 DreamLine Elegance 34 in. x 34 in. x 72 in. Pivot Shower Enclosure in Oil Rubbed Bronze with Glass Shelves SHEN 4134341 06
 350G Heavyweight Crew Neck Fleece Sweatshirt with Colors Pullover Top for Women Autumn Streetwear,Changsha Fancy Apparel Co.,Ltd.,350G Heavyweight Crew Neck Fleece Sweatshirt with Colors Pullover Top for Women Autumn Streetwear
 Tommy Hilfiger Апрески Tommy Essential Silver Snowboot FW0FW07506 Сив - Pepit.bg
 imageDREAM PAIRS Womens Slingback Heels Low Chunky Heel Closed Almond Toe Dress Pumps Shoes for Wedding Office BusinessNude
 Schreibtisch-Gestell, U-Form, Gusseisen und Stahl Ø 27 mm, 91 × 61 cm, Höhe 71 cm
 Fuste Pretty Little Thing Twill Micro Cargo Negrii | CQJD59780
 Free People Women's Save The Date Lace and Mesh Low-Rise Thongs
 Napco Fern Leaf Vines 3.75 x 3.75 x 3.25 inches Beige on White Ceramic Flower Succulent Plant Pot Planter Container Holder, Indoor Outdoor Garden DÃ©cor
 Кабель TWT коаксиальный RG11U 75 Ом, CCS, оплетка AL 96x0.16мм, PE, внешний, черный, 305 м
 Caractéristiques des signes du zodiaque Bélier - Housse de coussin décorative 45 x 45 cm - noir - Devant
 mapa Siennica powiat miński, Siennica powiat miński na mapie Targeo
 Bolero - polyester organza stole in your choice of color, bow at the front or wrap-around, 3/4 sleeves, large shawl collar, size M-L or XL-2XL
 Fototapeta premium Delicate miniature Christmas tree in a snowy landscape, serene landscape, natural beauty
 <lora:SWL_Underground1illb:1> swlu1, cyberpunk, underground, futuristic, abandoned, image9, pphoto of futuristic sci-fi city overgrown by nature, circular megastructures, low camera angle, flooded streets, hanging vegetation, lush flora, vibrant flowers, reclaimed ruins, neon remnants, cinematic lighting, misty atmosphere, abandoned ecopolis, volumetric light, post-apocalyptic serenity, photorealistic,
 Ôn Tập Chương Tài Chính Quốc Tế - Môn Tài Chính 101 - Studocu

━━━━━━━━━━━━━━━━━━━━━━━━━━━━━━

■ **Problem to solve**
Keep both end lines and retype everything in the records above from the line containing "Fuste Pretty Little" through the line containing "Кабель TWT коаксиальный", exactly, with nothing else.

■ **Result for this task**
 Fuste Pretty Little Thing Twill Micro Cargo Negrii | CQJD59780
 Free People Women's Save The Date Lace and Mesh Low-Rise Thongs
 Napco Fern Leaf Vines 3.75 x 3.75 x 3.25 inches Beige on White Ceramic Flower Succulent Plant Pot Planter Container Holder, Indoor Outdoor Garden DÃ©cor
 Кабель TWT коаксиальный RG11U 75 Ом, CCS, оплетка AL 96x0.16мм, PE, внешний, черный, 305 м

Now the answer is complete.